À Istanbul, l’espace imaginé par Orhan Pamuk pour matérialiser son roman connaît un regain d’intérêt à la veille de l’adaptation de l’œuvre par la plateforme Netflix.
Dans une rue discrète du quartier de Çukurcuma, un bâtiment de couleur rouge abrite une collection pour le moins singulière. Sur l’un de ses murs sont scrupuleusement alignés plusieurs milliers de mégots de cigarettes, chacun portant la trace fugace d’un rouge à lèvres. Ces reliques, patiemment amassées, sont celles de Kemal, le personnage central du roman *Le Musée de l’Innocence* d’Orhan Pamuk. L’établissement, qui porte le même nom que le livre, constitue la matérialisation physique de cette fiction, un lieu où l’écrit prend forme à travers une multitude d’objets du quotidien.
L’affluence dans ses étages aux escaliers de bois ciré a notablement augmenté ces derniers temps. La direction observe une fréquentation qui dépasse désormais les cinq cents entrées quotidiennes, un chiffre bien supérieur à la normale. Cette affluence s’explique par l’imminente diffusion d’une adaptation en série du roman, dont la sortie est attendue avec impatience par un public de lecteurs assidus et de simples curieux. L’histoire de Kemal, un bourgeois d’Istanbul des années 1970 hanté par le souvenir d’un amour perdu, se déploie à travers quatre-vingt-trois vitrines. Chacune correspond à un chapitre et renferme les menus artefacts de cette passion obsessionnelle, des vêtements aux tickets de cinéma en passant par des bouteilles de soda.

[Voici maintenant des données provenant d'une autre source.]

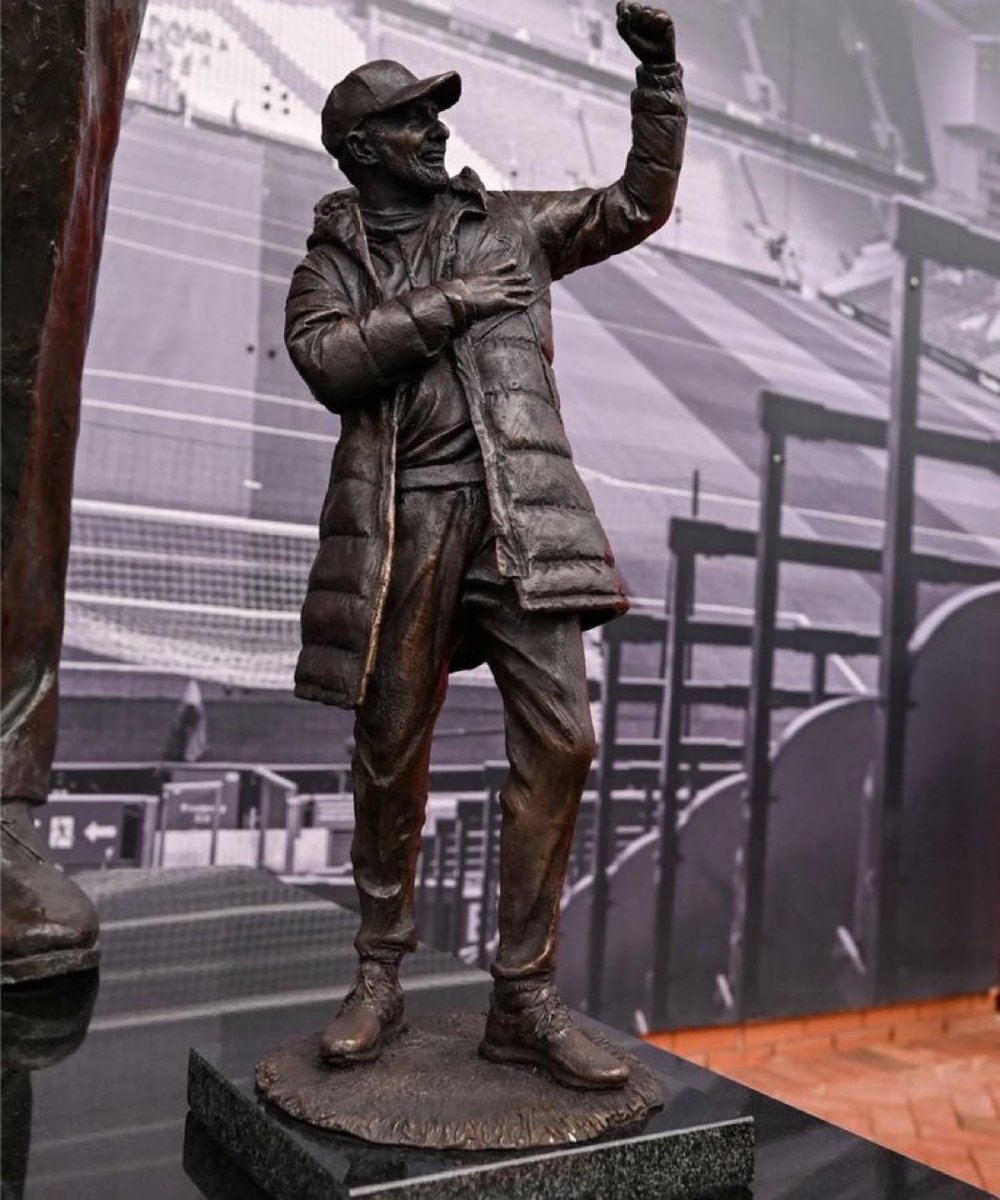 AnfieldEdition's tweet photo. A closer look at the brand new Jurgen Klopp bronze statue at the LFC Museum at Anfield. https://t.co/FXefsiX65S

L’auteur lui-même, lauréat du prix Nobel de littérature, se définit comme un collectionneur invétéré. Il explique avoir souvent construit ses récits à partir d’objets glanés, leur conférant ainsi une épaisseur tangible. Cette démarche trouve son aboutissement dans ce musée, ouvert en 2012, qui entretient un dialogue permanent entre le texte et les artefacts exposés. Pour de nombreux visiteurs, cette accumulation de détails confère à l’histoire une forme de véracité. Certains se présentent même avec l’ouvrage original à la main, qui leur offre un droit d’entrée gratuit grâce à un billet inséré dans les pages.
L’attente autour de la série transcende les frontières. L’établissement accueille des publics variés, reflétant les nombreuses traductions du roman. Des visiteurs venus d’Europe comme d’Asie découvrent l’intrigue à travers les vitrines avant de se plonger dans la lecture ou de chercher à visionner les épisodes. Pour cette adaptation, Orhan Pamuk a veillé personnellement au scénario, exigeant un contrôle créatif total après une expérience antérieure décevante. Son implication étroite avec l’équipe d’écriture a duré plus d’un an, aboutissant à une version dont il se dit satisfait.

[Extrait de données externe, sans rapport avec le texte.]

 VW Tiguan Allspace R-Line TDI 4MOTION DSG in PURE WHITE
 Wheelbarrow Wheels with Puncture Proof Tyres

Ce projet s’inscrit dans un contexte plus large où les productions télévisuelles turques connaissent un rayonnement international considérable. Le pays s’est imposé comme l’un des principaux exportateurs de séries dans le monde, une dynamique que vient renforcer la diffusion de cette adaptation sur une plateforme mondiale. Le Musée de l’Innocence, à la fois lieu littéraire et espace muséal, demeure ainsi un point de convergence unique où la fiction, le souvenir et la réalité matérielle se fondent en un seul récit.